12 January 2015

n.d.p. in andalusia: casa bigote, sanlucar


What little information was available indicated Casa Bigote was among the best restaurants in Sanlucar. In our defense, Sanlucar is a coastal town in a relatively impoverished region. One feels there ought to be a splendid seafood place, and it ought to be right on the Bajo de Guia, as Casa Bigote is.

One's expectations begin to decline when, on a balmy night in early June, one traverses the bat-infested ruins dividing that section of the Bajo de Guia from the town proper to discover that the restaurants on the quay are quite deserted. Casa Bigote is almost indistinguishable from its neighbors: a sprawling, two-storied complex housing a bar and a restaurant on opposite sides of an small alley. We dined at the restaurant, which may have been a mistake. Perhaps the bar is best. Why else would such we have heard such praise for a genteel seaside tavern offering acceptable traditional fare in Sanlucar at what seemed like Seville prices?

The most memorable part of the meal - which we tried, without success, to repeat - was an older bottle of Manzanilla "GF" from Bodegas Gaspar Florido, an historic bodega whose wines, from what I understand, have more or less vanished since its sale to Bodegas Pedro Romero in 2007. 


Champagne-based wine writer Peter Liem, whose book Sherry, Manzanilla & Montilla, written in collaboration with Jésus Barquin, has proved indispensable in navigating the region, writes of Bodegas Gaspar Florido:

"...[Pedro Romero] clearly intended intended to preserve the labels and the distinct identities of [Gaspar Florido's] wines... However, the reality of the economic depression seems to have imposed its own rule: Pedro Romero is having enough trouble trying to defend its own wines... It seems the case, therefore, that Gaspar Florido must be counted among those bodegas that have now vanished."



In my own travels around Sanlucar, I found myself mildly haunted by the relatively recent disappearance of Gaspar Florido.
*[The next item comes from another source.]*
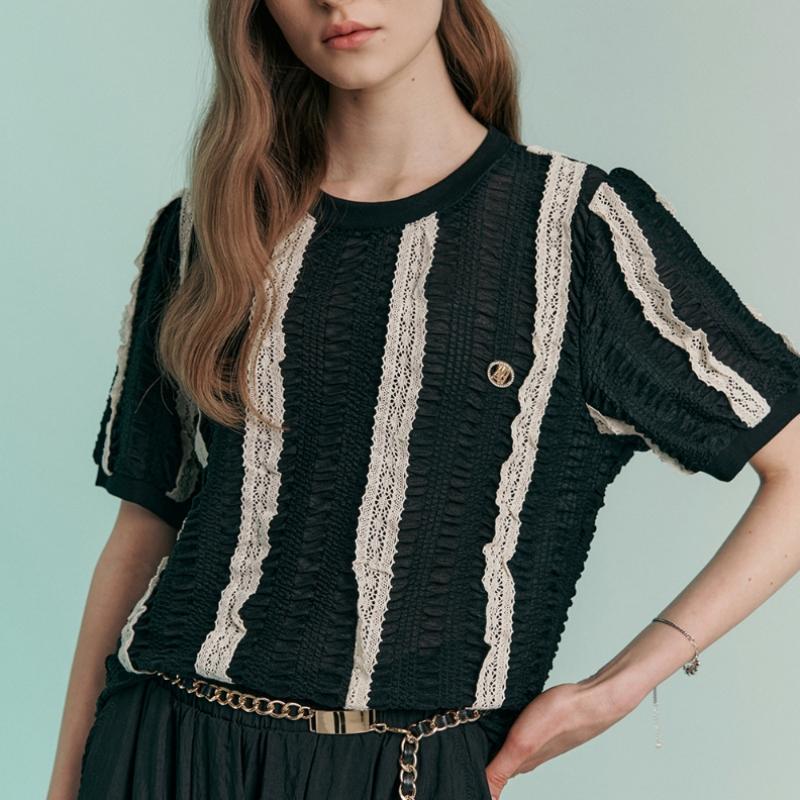 MAXZA Lace Block Embo ShorT Sleeve T shirT zc07qT003on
Partly this was just the old hipster instinct to taste what cannot easily be tasted. But in Sanlucar an awareness of this ghost brand is almost unavoidable; its signs still perch above the occasional bar entrance in the Barrio Alto.


Upon entering Casa Bigote I'd espied a bottle of "GF" Manzanilla among an impressive battalion of other sherry bottles on the service bar. I'm not familiar with Gaspar Florido's lot numbering system, so I have no idea from which year the particular bottling we tasted derived. On the basis of the burnished bronze colour alone, I'd guess it had a few years on it.


The nose was cigar and citrus peels, the palate full, olive-fruited, pungently saline. It was gorgeous, and shared some characteristics with a stupendous five-year-old bottle of Grant Manzanilla I've tasted since. (These bottles, among select few others, are the bedrock upon with my hesitant faith in aging Manzanilla rests.)

The Gaspar Florido was so good we tried to order another bottle. You'd think they'd get a kick out of that - a young couple like us, putting down two bottles of fortified wine in a sitting. Yet whether by accident or design, our server told us there were no more bottles in stock, even as the full bottle I'd initially spotted still sat gathering dust on the service bar.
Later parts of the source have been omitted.